• _Requirement_:
With pictures left out, set down exactly the lines from the line containing "Wometo 2er Set" through the last line of the data.

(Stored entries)
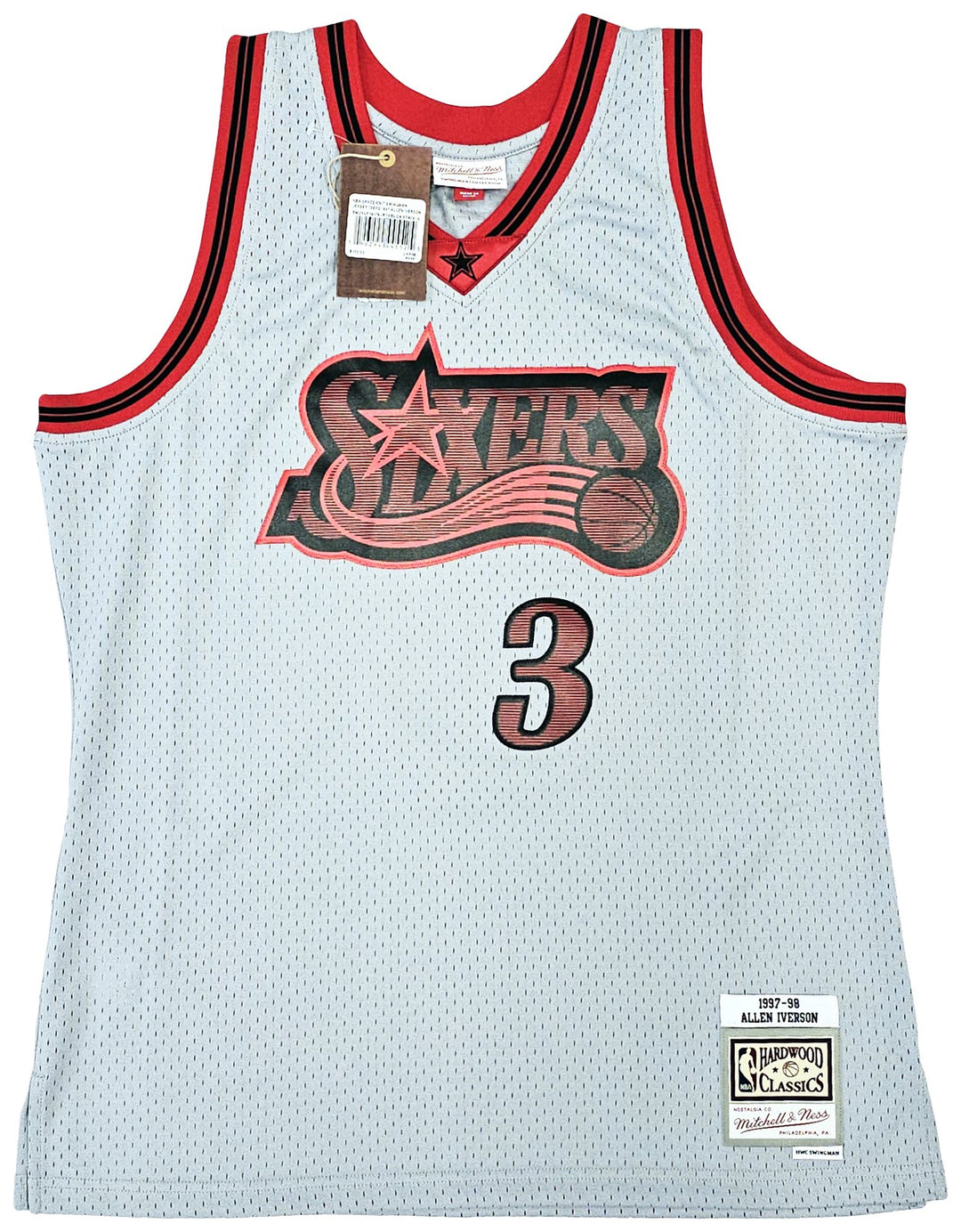 76ers Allen Iverson Auto Grey Auth Mitchell Ness 97-98 HWC Swingman Jersey L BAS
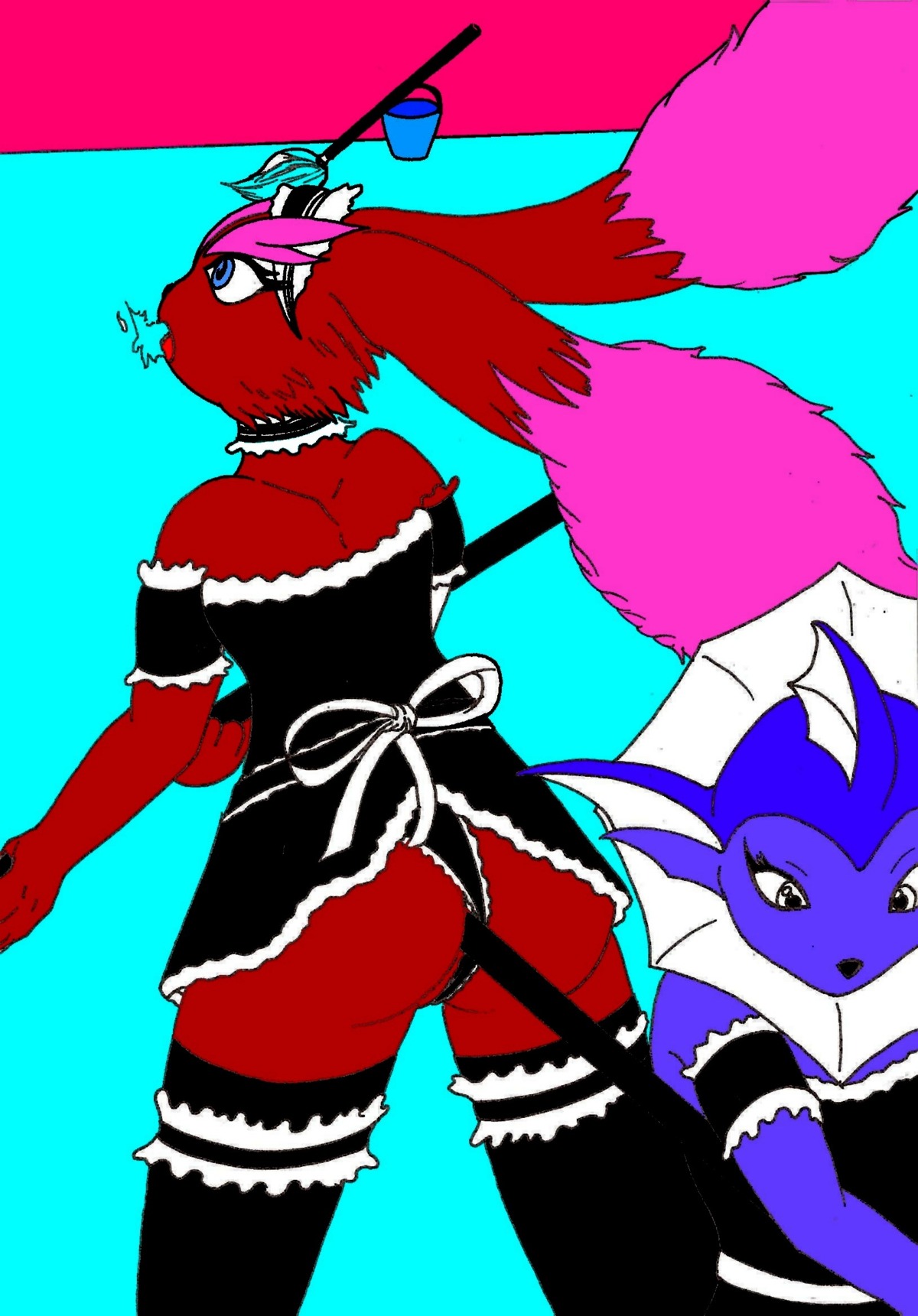 anal anthro eeveelution female female_only furry lagomorph lopunny maid_outfit multiple_females multiple_girls nintendo pok&eacute;mon_(species) pokemon pokemon_(species) rabbit rule34 vaporeon yuri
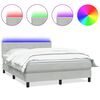 vidaXL Boxspringbett mit Matratze & LED Hellgrau 140x210 cm Samt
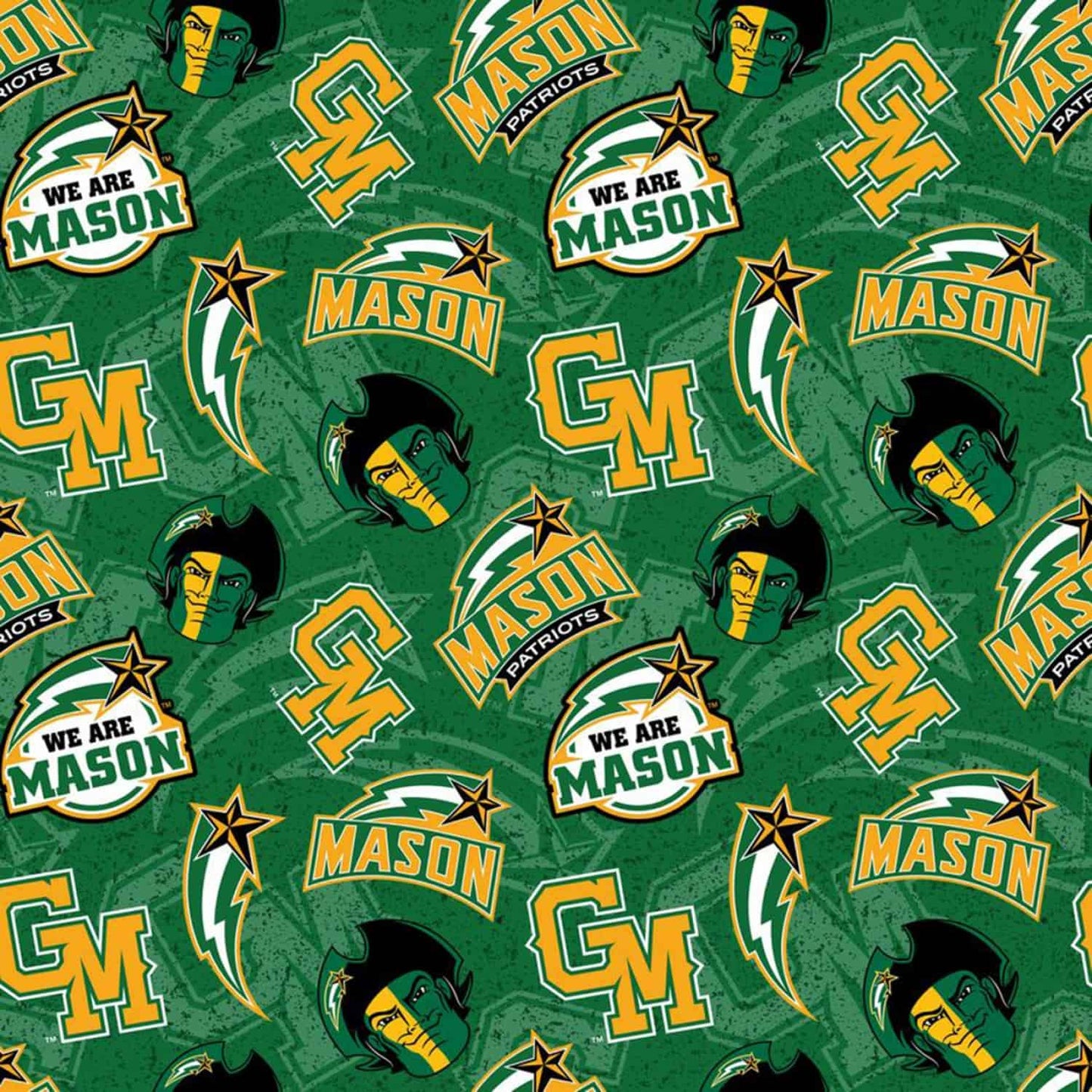 George Mason Patriots NCAA College Tone Tone Sykel Cotton Fabric GMU-1178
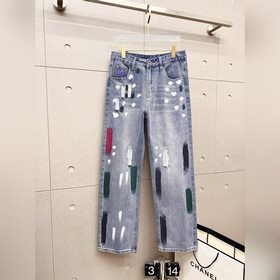 GUCCI 古奇 男士時尚潮流大褲腳牛仔褲，官宣畫冊海報穿搭款！ 客供高級進口的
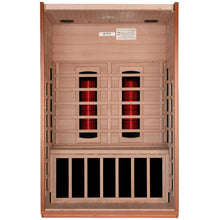 Interior view of the Dynamic Cordoba 2 Person Full Spectrum Infrared Sauna, showcasing the wooden structure and red infrared heating panels.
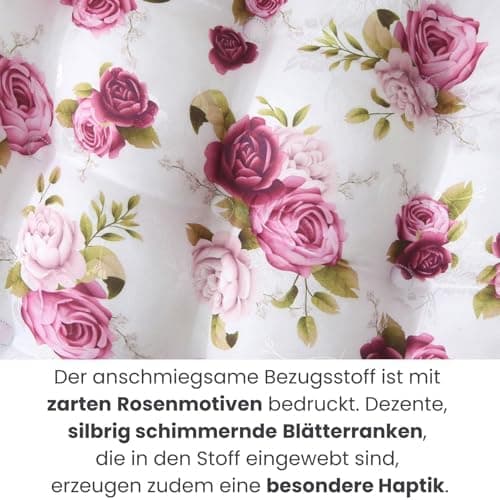 Wometo 2er Set Sitzkissen ROSEN-MOTIV - Stuhlkissen 40x40 OEKO-TEX für Indoor und Outdoor mit Bändern/Schleifen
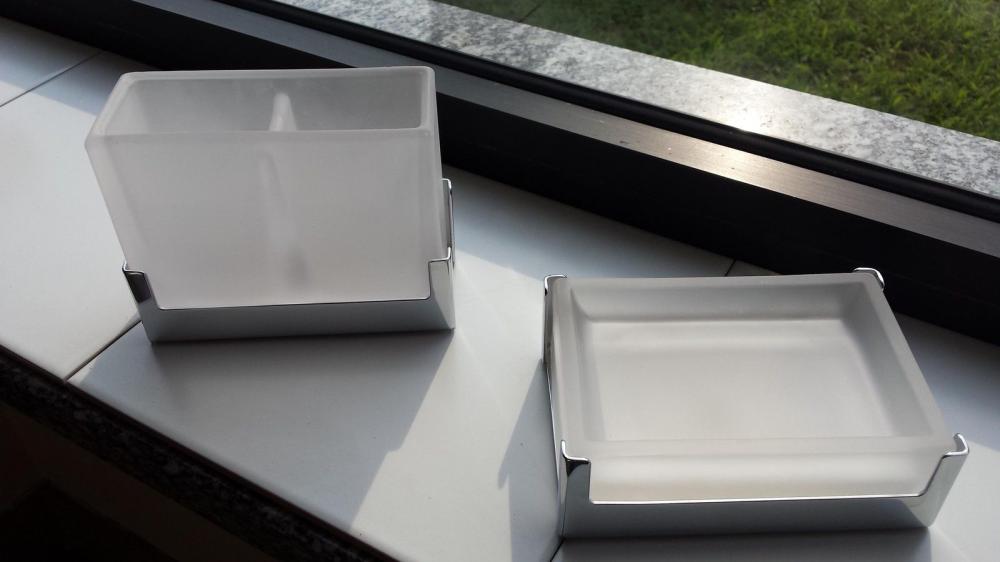 SET ACCESSORI DA APPOGGIO PORTA SAPONE + PORTA BICCHIERE VIP VETRO ACIDATO ACCIAIO CROMO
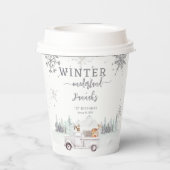Winter Onderland eerste verjaardagsfeestje Papieren Bekers (Achterkant)
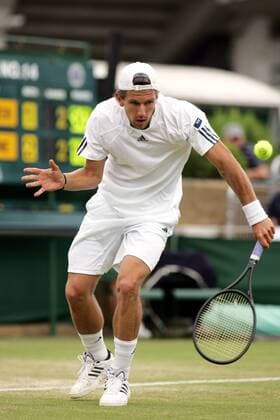 Jürgen Melzer (Österreich) -  Tennis Herren All England Championships 2008, Grand Slam, ATP Tour, Einzelbild Wimbledon London Dynamik,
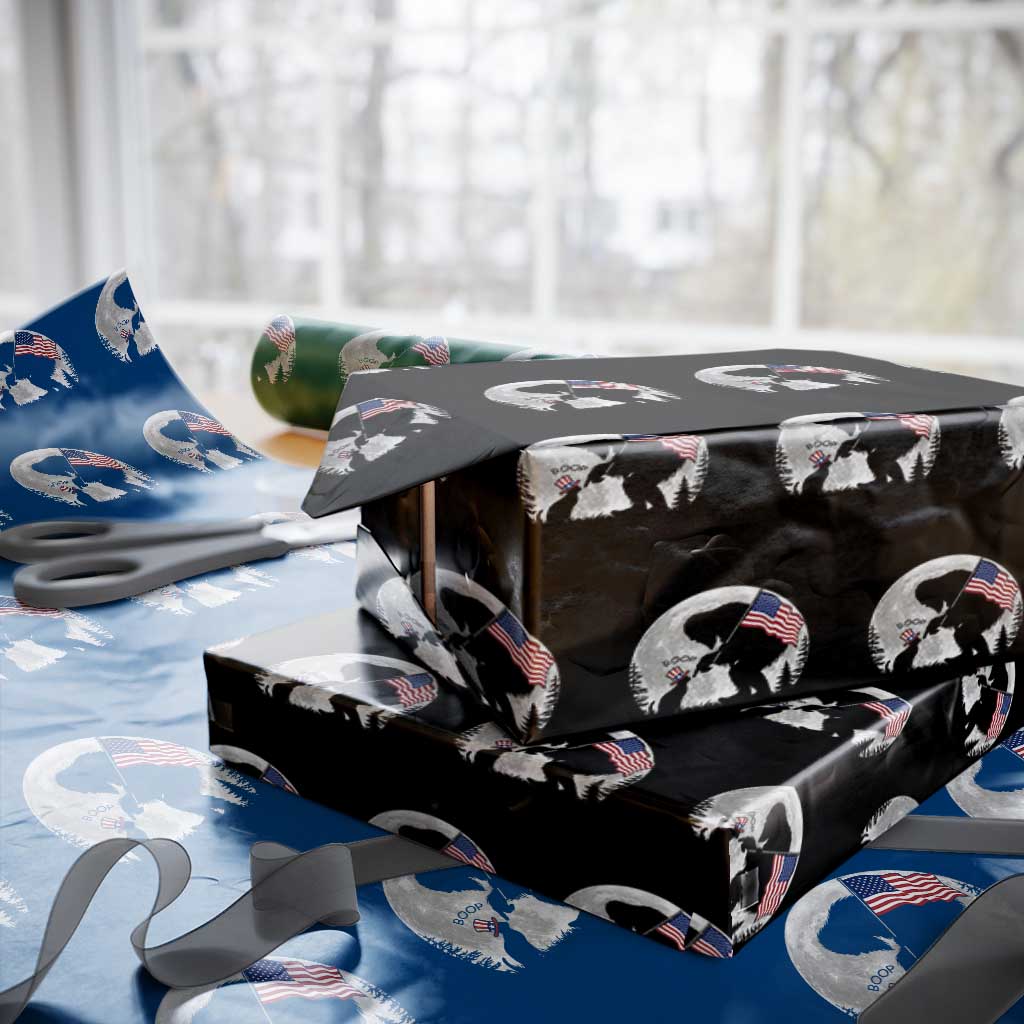 Bigfoot Boop Cat Moon Wrapping Paper Roll Funny Sasquatch Meme 4th of July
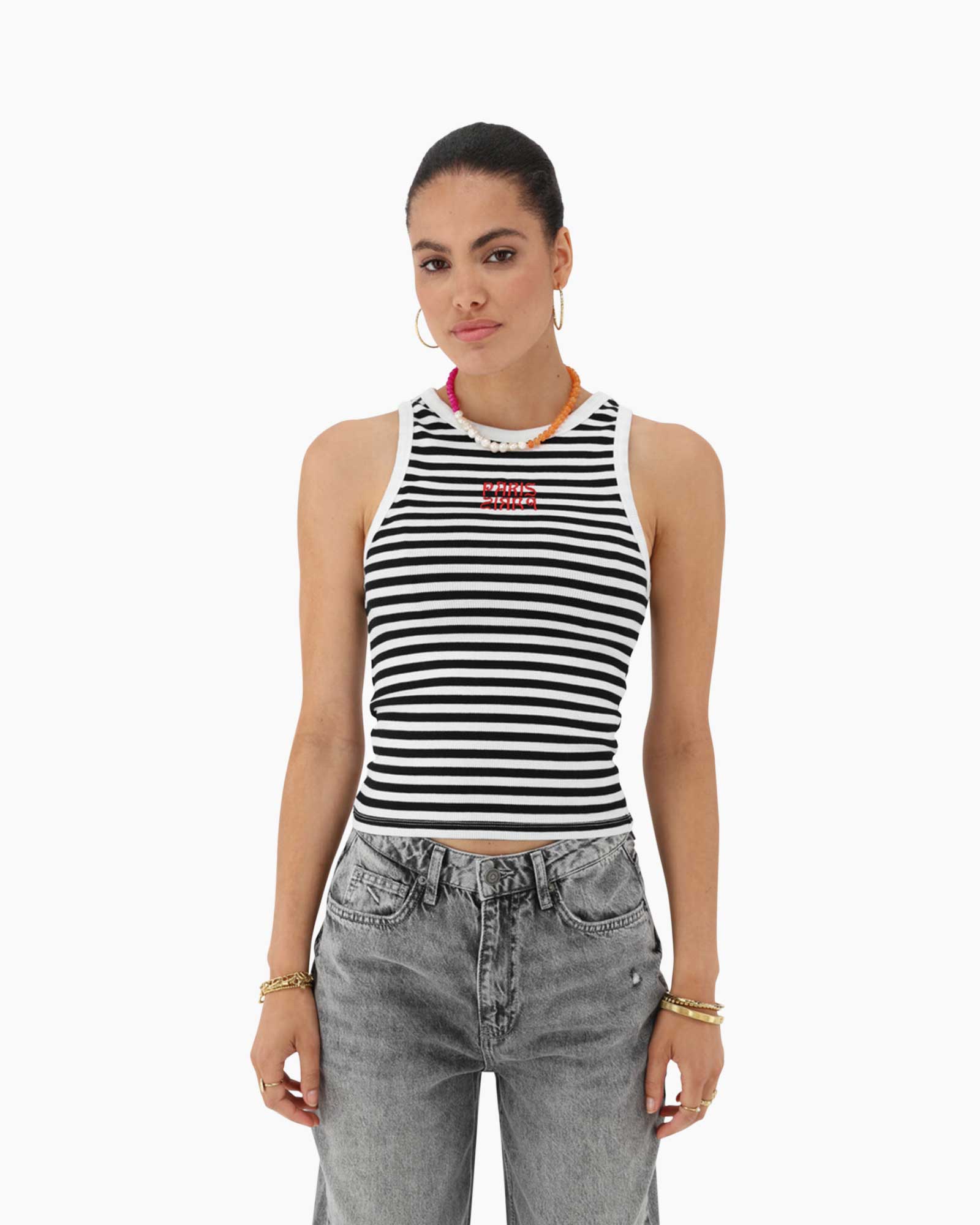 Top Tanktop Met Embro Zwart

• _Result_:
 Wometo 2er Set Sitzkissen ROSEN-MOTIV - Stuhlkissen 40x40 OEKO-TEX für Indoor und Outdoor mit Bändern/Schleifen
 SET ACCESSORI DA APPOGGIO PORTA SAPONE + PORTA BICCHIERE VIP VETRO ACIDATO ACCIAIO CROMO
Winter Onderland eerste verjaardagsfeestje Papieren Bekers (Achterkant)
 Jürgen Melzer (Österreich) -  Tennis Herren All England Championships 2008, Grand Slam, ATP Tour, Einzelbild Wimbledon London Dynamik,
 Bigfoot Boop Cat Moon Wrapping Paper Roll Funny Sasquatch Meme 4th of July
 Top Tanktop Met Embro Zwart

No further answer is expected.